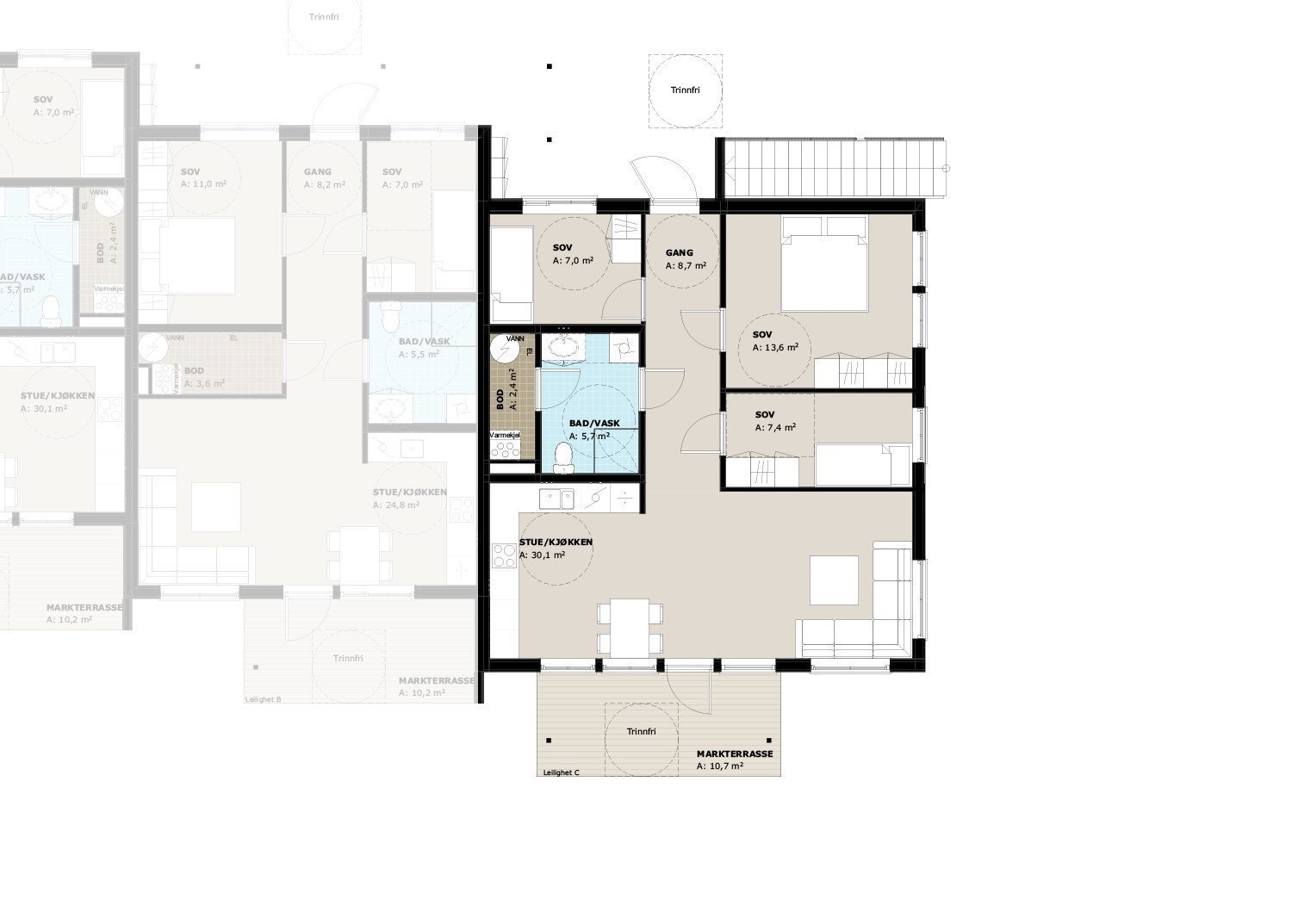 Plantegning leilighet C, 1. etasje Galleribilde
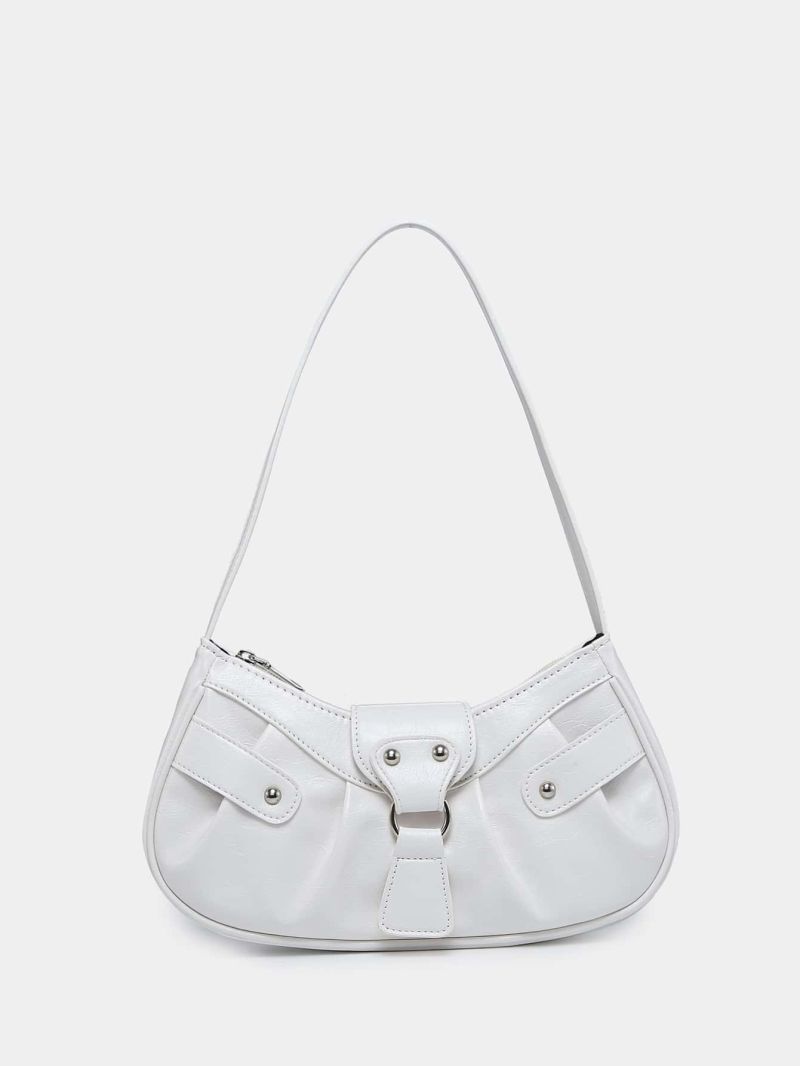 Minimalist Buckle Decor Baguette Bag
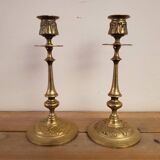Pair of brass candle holders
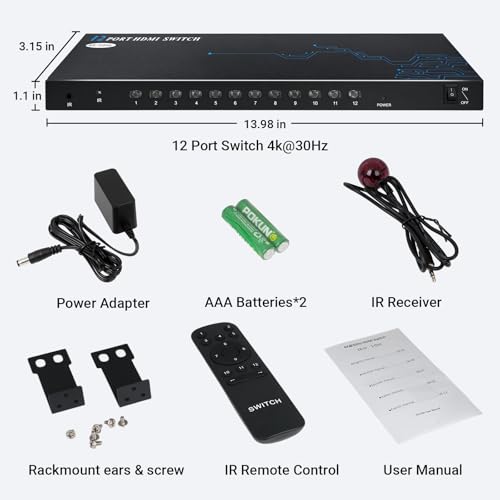 Commutateur HDMI 12 ports 8 ports 12 en 1 sortie, sélecteur HDMI 4K @ 30 Hz – vue 5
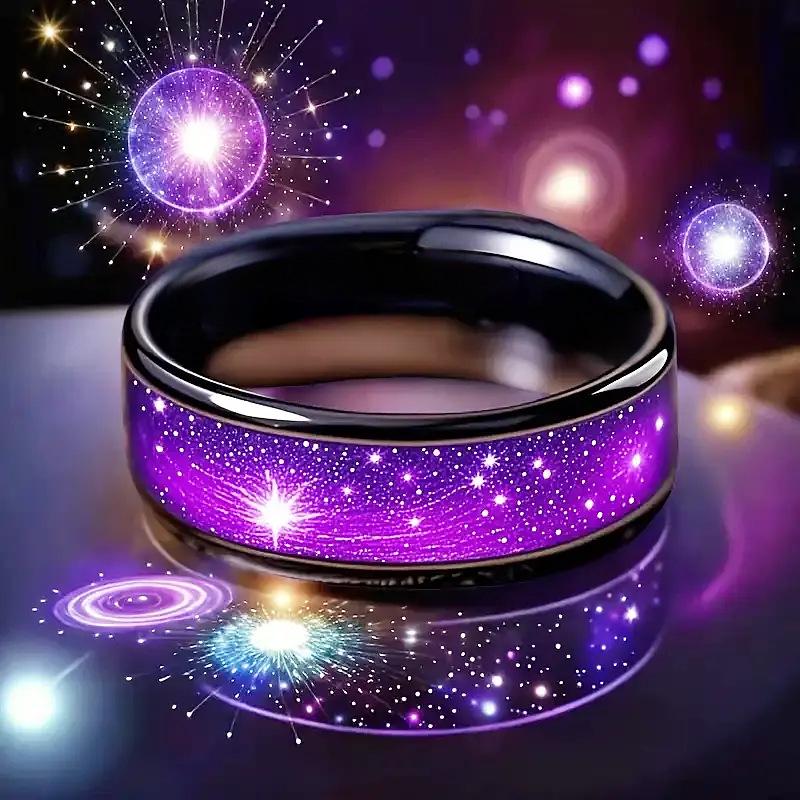 Black-Purple Men's Starry Sky Wedding Ring - High-Quality Electroplated Finish, Perfect Gift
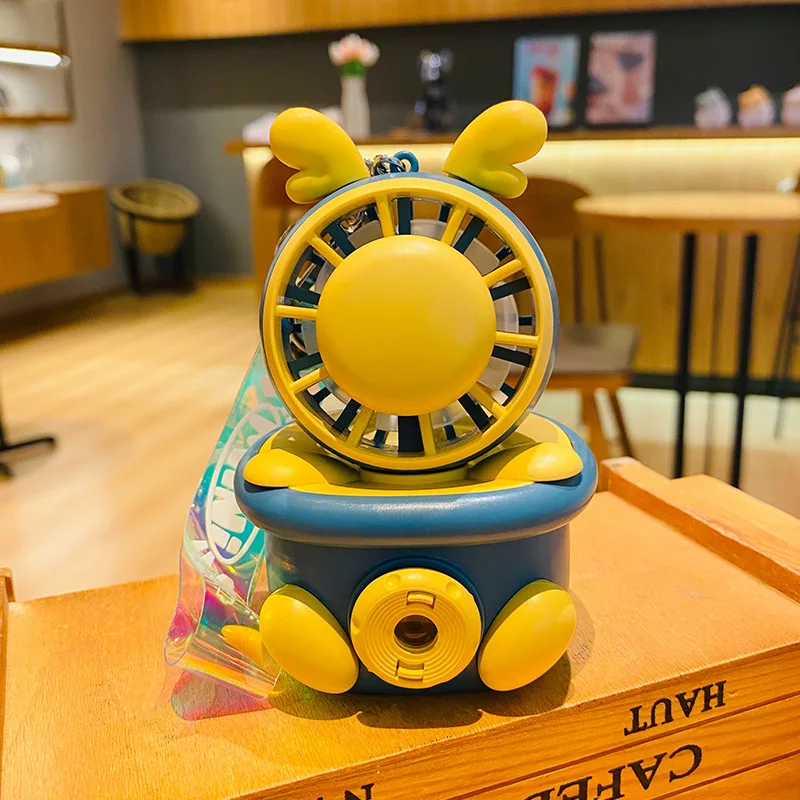 Usb Charging Fan Lithium Battery Usb Charging Portable Comes With Keychain Small Volume Outdoor Product Small Fan Blue Mini Fan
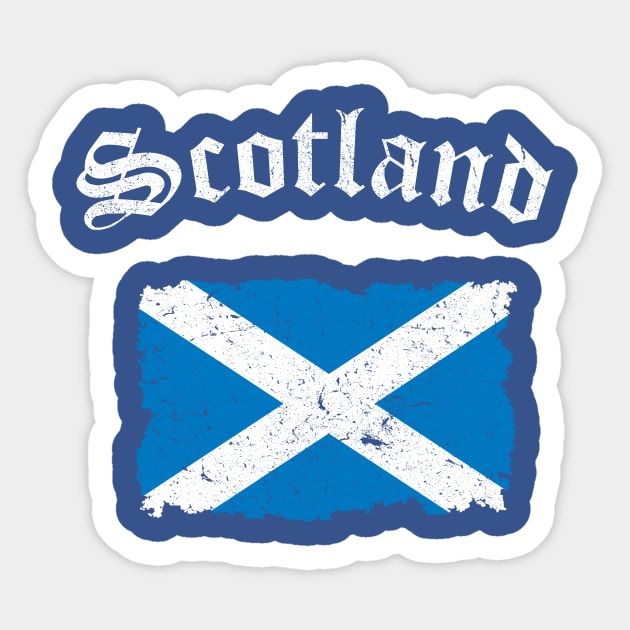 Vintage Scotland Flag Sticker by vladocar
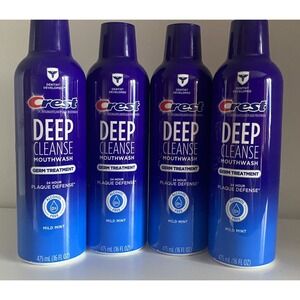 4 Pack Crest Deep Cleanse Mouthwash Germ Treatment 24 Hour Plaque Defense 16oz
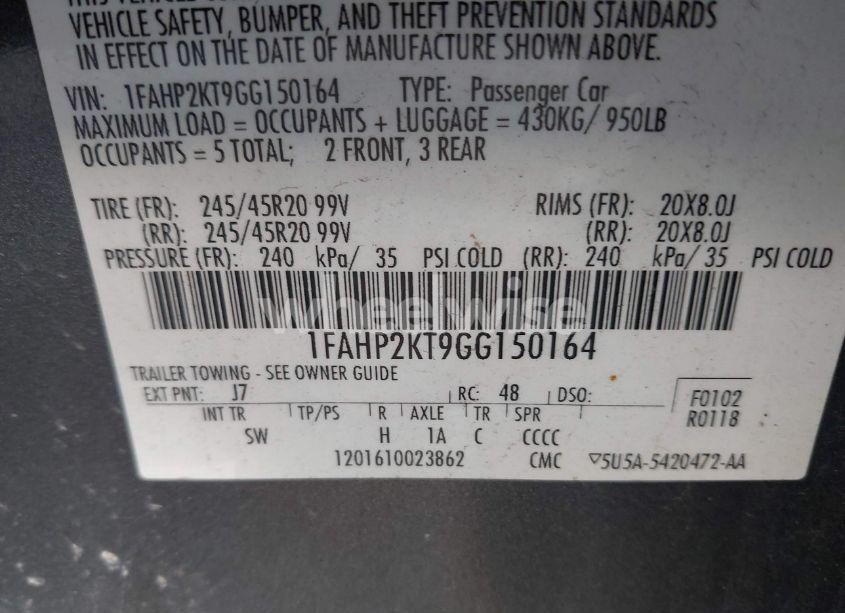 Photo 9 of 2016 Ford Taurus SHO (VIN 1FAHP2KT9GG150164)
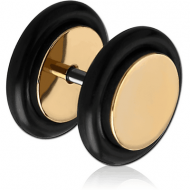 ZIRCON GOLD SURGICAL STEEL FAKE PLUG PIERCING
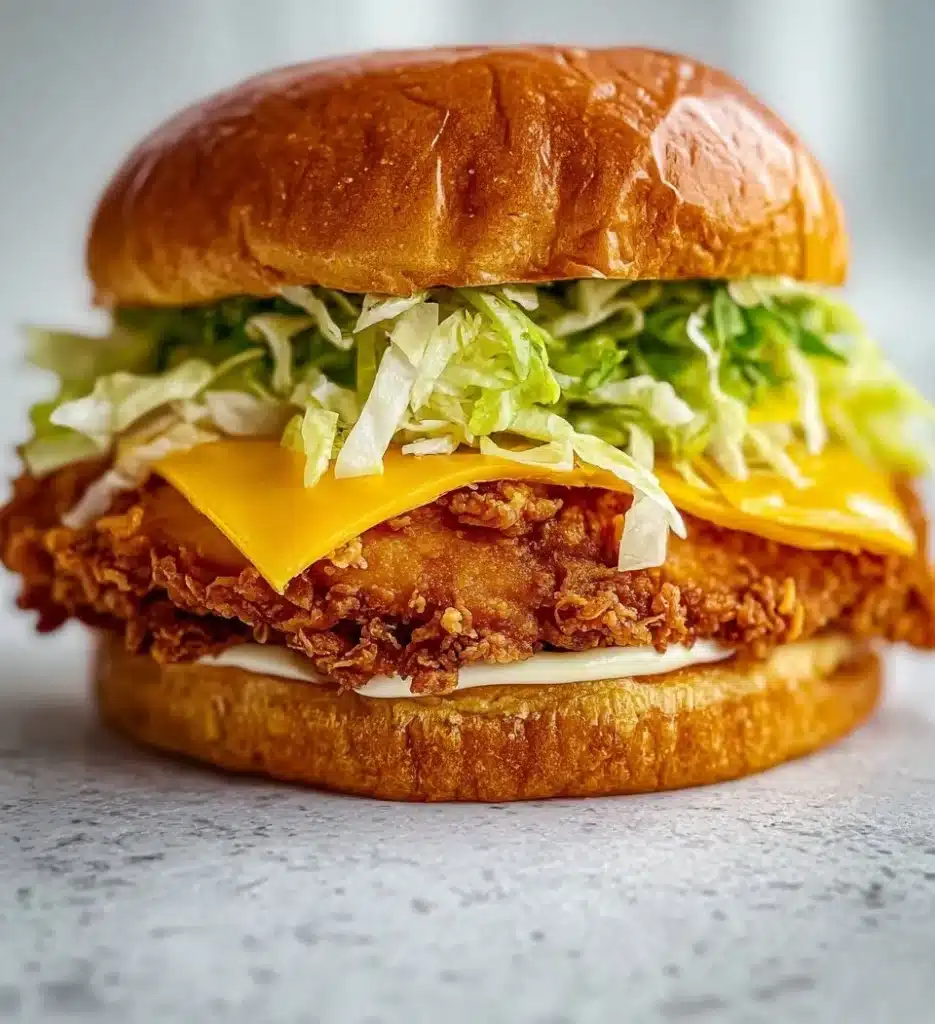 Delicious crispy chicken burger served with fresh toppings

**Problem description**
Repeat the lines above exactly, and keep every picture out.

**Solved exercise**
 Plantegning leilighet C, 1. etasje Galleribilde
 Minimalist Buckle Decor Baguette Bag
Pair of brass candle holders
 Commutateur HDMI 12 ports 8 ports 12 en 1 sortie, sélecteur HDMI 4K @ 30 Hz – vue 5
 Black-Purple Men's Starry Sky Wedding Ring - High-Quality Electroplated Finish, Perfect Gift
 Usb Charging Fan Lithium Battery Usb Charging Portable Comes With Keychain Small Volume Outdoor Product Small Fan Blue Mini Fan
 Vintage Scotland Flag Sticker by vladocar
 4 Pack Crest Deep Cleanse Mouthwash Germ Treatment 24 Hour Plaque Defense 16oz
 Photo 9 of 2016 Ford Taurus SHO (VIN 1FAHP2KT9GG150164)
 ZIRCON GOLD SURGICAL STEEL FAKE PLUG PIERCING
 Delicious crispy chicken burger served with fresh toppings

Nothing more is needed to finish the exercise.